> **Records for processing**

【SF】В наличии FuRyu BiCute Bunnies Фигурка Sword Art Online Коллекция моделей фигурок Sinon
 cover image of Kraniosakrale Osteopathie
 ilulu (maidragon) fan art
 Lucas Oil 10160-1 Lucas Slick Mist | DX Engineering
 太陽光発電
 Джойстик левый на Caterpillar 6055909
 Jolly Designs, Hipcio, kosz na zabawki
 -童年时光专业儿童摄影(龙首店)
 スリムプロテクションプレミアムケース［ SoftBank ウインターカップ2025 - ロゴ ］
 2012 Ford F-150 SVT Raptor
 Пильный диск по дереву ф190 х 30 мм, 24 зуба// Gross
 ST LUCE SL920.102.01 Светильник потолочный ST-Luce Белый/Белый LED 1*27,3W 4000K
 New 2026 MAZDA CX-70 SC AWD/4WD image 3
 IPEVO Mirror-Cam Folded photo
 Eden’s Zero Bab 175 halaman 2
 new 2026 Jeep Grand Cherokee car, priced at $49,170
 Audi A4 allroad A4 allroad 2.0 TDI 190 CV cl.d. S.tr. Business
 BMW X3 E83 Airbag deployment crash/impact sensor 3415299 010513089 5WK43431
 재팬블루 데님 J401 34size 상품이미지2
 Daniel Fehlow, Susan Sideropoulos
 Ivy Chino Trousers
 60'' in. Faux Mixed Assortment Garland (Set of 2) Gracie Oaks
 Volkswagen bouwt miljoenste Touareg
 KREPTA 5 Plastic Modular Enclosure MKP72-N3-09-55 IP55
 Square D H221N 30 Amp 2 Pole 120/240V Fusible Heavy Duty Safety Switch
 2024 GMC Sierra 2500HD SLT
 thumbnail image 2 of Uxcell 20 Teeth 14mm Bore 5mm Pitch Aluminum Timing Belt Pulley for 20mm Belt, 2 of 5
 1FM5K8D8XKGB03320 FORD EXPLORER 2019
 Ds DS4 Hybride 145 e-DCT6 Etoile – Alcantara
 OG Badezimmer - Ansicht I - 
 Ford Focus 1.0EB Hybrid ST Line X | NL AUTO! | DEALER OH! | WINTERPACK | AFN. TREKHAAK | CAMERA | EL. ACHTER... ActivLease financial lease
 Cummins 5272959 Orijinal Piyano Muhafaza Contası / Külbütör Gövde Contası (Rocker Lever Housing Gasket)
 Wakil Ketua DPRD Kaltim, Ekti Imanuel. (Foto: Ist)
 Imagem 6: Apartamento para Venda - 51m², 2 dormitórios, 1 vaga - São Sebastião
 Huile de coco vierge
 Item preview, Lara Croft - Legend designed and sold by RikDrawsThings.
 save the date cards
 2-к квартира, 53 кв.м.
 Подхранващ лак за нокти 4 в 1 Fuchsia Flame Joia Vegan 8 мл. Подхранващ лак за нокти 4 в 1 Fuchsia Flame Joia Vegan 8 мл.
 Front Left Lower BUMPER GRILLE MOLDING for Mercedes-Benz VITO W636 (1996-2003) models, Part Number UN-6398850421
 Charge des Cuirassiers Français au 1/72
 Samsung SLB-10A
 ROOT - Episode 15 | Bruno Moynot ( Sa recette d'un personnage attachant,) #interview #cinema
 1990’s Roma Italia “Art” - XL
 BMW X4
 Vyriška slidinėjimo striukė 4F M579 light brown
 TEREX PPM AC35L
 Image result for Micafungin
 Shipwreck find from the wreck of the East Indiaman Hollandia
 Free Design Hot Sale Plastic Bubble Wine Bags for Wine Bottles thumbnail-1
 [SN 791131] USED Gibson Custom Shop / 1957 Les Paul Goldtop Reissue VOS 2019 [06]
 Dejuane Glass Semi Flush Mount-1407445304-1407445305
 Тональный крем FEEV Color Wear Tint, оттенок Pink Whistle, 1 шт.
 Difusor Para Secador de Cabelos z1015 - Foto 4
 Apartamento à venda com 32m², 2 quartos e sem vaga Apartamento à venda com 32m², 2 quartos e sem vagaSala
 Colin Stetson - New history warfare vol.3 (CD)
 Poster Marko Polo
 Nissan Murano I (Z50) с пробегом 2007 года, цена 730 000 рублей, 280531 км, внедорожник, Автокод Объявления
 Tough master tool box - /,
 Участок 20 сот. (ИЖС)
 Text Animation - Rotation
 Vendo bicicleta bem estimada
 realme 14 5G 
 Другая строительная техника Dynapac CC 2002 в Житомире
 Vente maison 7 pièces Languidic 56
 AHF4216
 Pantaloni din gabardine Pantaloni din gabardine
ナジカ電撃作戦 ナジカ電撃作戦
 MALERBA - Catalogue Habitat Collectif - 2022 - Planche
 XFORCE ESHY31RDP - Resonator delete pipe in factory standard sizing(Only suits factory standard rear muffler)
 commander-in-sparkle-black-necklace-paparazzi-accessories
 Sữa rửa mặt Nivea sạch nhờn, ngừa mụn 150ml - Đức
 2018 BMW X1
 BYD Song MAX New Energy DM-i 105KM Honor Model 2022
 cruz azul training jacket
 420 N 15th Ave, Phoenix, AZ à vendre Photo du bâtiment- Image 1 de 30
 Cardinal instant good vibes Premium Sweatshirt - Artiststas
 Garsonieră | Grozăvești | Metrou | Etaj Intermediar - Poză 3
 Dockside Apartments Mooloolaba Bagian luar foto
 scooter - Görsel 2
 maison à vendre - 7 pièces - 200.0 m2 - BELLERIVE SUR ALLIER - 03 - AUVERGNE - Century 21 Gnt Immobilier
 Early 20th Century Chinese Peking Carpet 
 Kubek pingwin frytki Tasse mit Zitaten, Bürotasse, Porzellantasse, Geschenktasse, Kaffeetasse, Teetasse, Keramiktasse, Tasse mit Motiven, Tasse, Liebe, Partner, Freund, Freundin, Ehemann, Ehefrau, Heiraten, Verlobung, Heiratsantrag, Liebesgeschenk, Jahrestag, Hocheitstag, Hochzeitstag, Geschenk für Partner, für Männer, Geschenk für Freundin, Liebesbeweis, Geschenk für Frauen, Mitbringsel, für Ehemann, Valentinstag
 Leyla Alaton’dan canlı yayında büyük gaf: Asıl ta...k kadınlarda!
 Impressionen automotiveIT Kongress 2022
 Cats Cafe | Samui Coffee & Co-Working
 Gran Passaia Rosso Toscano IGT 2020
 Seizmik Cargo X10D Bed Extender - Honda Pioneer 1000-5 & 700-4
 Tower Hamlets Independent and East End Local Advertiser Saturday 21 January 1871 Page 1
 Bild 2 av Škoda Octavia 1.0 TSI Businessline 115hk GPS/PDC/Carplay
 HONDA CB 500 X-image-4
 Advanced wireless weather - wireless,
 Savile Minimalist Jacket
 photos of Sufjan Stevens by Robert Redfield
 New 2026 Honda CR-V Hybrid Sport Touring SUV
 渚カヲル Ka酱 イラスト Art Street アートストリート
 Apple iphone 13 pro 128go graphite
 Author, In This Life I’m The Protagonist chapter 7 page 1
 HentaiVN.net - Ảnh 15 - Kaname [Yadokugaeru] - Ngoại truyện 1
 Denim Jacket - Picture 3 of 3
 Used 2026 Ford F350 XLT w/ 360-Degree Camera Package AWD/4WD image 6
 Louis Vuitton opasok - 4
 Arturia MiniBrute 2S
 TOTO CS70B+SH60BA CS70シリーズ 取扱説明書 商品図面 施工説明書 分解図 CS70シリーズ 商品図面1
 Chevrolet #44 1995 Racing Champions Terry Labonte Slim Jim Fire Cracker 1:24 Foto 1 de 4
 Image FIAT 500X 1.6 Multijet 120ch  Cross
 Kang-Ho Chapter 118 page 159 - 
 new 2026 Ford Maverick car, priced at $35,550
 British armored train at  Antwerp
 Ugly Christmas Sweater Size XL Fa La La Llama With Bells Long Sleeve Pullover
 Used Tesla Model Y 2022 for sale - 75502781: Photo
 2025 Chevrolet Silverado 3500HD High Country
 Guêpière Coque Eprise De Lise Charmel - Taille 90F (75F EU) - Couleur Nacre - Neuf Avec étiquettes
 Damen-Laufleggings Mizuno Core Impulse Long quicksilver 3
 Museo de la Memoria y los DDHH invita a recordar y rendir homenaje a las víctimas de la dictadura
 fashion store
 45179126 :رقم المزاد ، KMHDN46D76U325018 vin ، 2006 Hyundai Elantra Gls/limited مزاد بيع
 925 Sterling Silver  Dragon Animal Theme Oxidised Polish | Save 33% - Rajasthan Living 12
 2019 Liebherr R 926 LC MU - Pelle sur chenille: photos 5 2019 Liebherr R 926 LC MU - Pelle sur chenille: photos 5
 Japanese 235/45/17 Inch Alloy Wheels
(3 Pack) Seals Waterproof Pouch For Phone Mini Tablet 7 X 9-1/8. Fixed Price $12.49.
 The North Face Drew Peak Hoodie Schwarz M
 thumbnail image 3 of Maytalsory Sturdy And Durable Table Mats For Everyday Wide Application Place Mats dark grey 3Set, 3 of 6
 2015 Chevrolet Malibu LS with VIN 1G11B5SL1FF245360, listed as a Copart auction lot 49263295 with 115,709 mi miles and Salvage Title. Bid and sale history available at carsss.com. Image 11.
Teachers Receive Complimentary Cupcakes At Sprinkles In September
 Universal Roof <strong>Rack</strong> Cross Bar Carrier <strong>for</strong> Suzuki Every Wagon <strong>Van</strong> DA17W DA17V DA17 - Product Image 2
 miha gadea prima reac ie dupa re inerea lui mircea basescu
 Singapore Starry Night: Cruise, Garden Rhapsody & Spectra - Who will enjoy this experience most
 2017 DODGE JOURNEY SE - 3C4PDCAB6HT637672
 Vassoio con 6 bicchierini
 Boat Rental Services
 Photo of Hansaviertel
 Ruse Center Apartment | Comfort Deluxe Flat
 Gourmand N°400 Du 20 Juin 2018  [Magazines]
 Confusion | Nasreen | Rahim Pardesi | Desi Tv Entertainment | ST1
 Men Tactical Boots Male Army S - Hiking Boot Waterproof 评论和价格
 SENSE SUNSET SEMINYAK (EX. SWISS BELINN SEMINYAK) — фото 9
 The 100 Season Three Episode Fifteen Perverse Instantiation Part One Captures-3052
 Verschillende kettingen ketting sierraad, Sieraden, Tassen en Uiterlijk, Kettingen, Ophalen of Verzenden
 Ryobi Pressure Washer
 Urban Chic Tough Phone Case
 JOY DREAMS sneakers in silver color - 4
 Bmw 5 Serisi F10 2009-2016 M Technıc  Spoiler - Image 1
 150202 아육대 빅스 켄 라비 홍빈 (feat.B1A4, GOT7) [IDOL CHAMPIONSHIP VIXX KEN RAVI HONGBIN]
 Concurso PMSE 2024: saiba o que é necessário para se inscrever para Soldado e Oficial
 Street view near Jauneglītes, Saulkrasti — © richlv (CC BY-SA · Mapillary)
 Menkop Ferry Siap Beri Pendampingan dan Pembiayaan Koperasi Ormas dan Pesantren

> **The task**
Give back exactly the lines of the listing above that run from the line with "ナジカ電撃作戦 ナジカ電撃作戦" to the line with "Early 20th Century Chinese Peking Carpet", inclusive.

> **Written response**
ナジカ電撃作戦 ナジカ電撃作戦
 MALERBA - Catalogue Habitat Collectif - 2022 - Planche
 XFORCE ESHY31RDP - Resonator delete pipe in factory standard sizing(Only suits factory standard rear muffler)
 commander-in-sparkle-black-necklace-paparazzi-accessories
 Sữa rửa mặt Nivea sạch nhờn, ngừa mụn 150ml - Đức
 2018 BMW X1
 BYD Song MAX New Energy DM-i 105KM Honor Model 2022
 cruz azul training jacket
 420 N 15th Ave, Phoenix, AZ à vendre Photo du bâtiment- Image 1 de 30
 Cardinal instant good vibes Premium Sweatshirt - Artiststas
 Garsonieră | Grozăvești | Metrou | Etaj Intermediar - Poză 3
 Dockside Apartments Mooloolaba Bagian luar foto
 scooter - Görsel 2
 maison à vendre - 7 pièces - 200.0 m2 - BELLERIVE SUR ALLIER - 03 - AUVERGNE - Century 21 Gnt Immobilier
 Early 20th Century Chinese Peking Carpet 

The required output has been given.